One of the most popular questions asked by employers, interviewers, or just curious family members wonders what you expect your future to bring in the next couple years. Some people have a general idea, while others have a detailed, step-by-step plan that they never want to stray from.
And while it's okay to speculate about what lies in store for you, it's important to remember that plans never seem to go the way we want them to. Something always seems to not work out in your favor, whether that thing is so tiny that you can work past it, or so enormous that it screws up everything, as if everything in your future was relying on it.
I recently got out of a relationship that lasted over two years. As an 18-year-old, two years is a pretty large chunk of my life. If you had asked me at nearly any point of those two years where I saw myself in ten years, I had a very specific vision for my future. I planned on marrying the boy I was dating (hopefully with a honeymoon at Walt Disney World). Even though most of our relationship was during my high school career, I had no doubt in my mind that this man is the one I wanted to spend the rest of my life with. Sure, he wasn't perfect (no one is), but when you love someone, you are able to love their imperfections too. That's just what I did.
I also believed he looked at me the same way (and maybe he did, but I guess I'll never know). He expressed his desire to marry me someday, and we planned an intricate future together. He even went so far as to give me a promise ring, telling me outright that he would always be there for me.
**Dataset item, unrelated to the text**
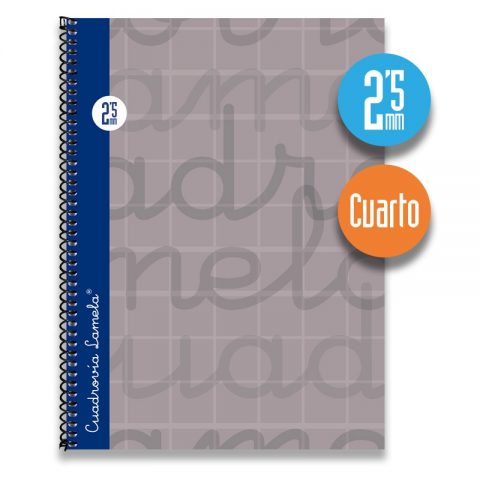 Cuaderno Espiral Cuarto Hojas Cubierta Extra Dura Gris Cuadrov A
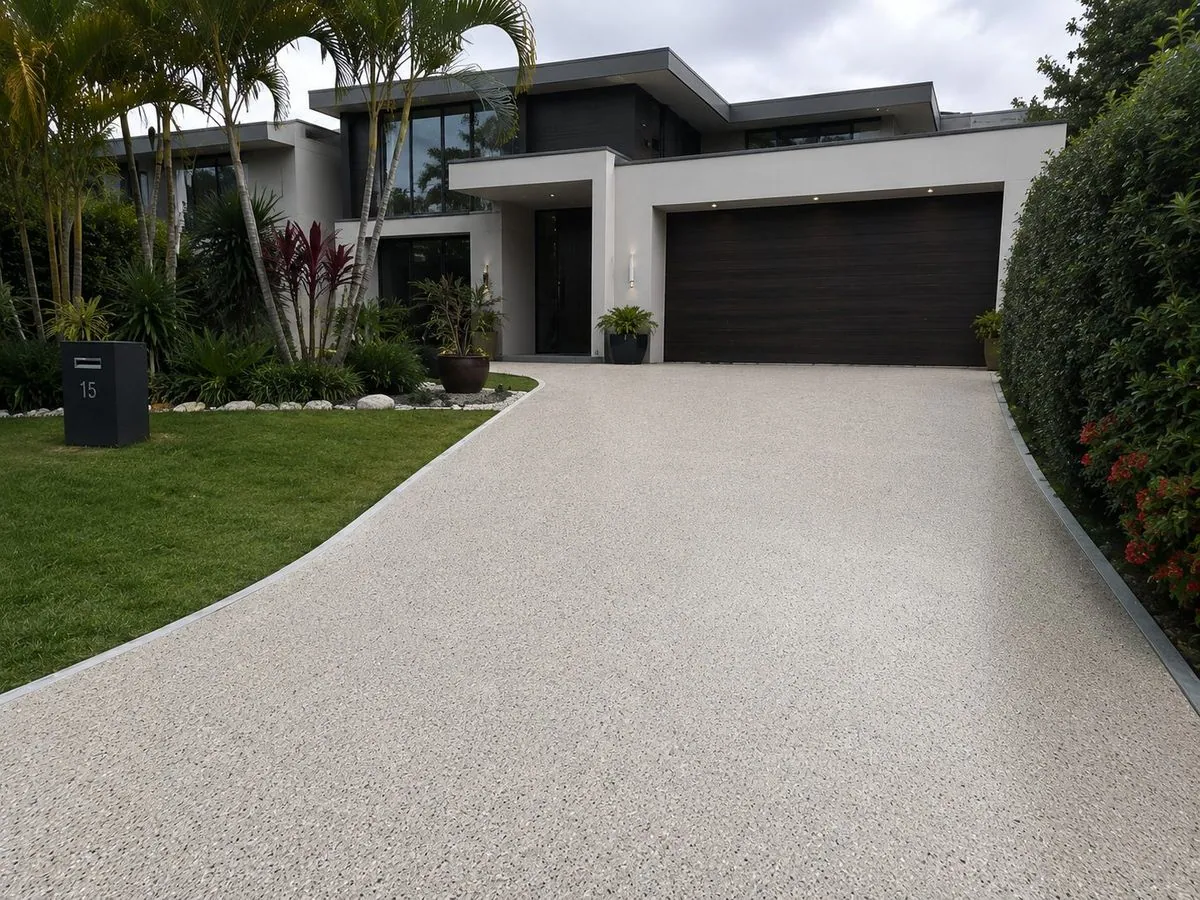 SprayCrete and pebblecrete removal, driveway resurfaced to honed concrete in Brisbane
Of course, as you know, things didn't work out the way we planned, and our future together fell apart. I made the mistake of building almost my entire future around this one boy, and when our relationship crumbled, I was alone in the rubble.
The important thing to take away from this is that you never really know what the future holds. In all honesty, it's pretty much impossible to truly know what lies in store for tomorrow, the next day, or two years from now until it actually happens. Plans change, people leave, things get cancelled, and that's just a part of life. Frankly, developing a detailed and rigid play-by-play plan for your life without room for change or the unexpected is just setting yourself up to be let down. Plans don't go the way we want them to.
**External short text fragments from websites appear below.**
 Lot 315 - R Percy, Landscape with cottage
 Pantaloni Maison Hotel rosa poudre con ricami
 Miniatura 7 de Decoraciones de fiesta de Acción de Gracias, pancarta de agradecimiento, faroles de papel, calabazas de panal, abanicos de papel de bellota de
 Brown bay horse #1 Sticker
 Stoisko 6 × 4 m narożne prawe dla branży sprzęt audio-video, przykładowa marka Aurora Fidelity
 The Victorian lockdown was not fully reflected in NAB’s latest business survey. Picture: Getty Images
Now, I'm not saying to not plan at all. It's important to go to college, save money, and do whatever it is you do to make your future as bright and hopeful as possible. But there's a difference in flexibility here: your rigid plans won't account for the roller coaster of life, but planning ahead can help make the coaster less bumpy. It's important to see the difference.
So the next time someone asks you, "Where do you see yourself in ten years?" it's okay to have a plan, but remember to remain open and flexible for whatever cards you are dealt. Things may not go the way you intend for them to go, but no matter how badly your plans are messed up, it will always turn out okay in the end.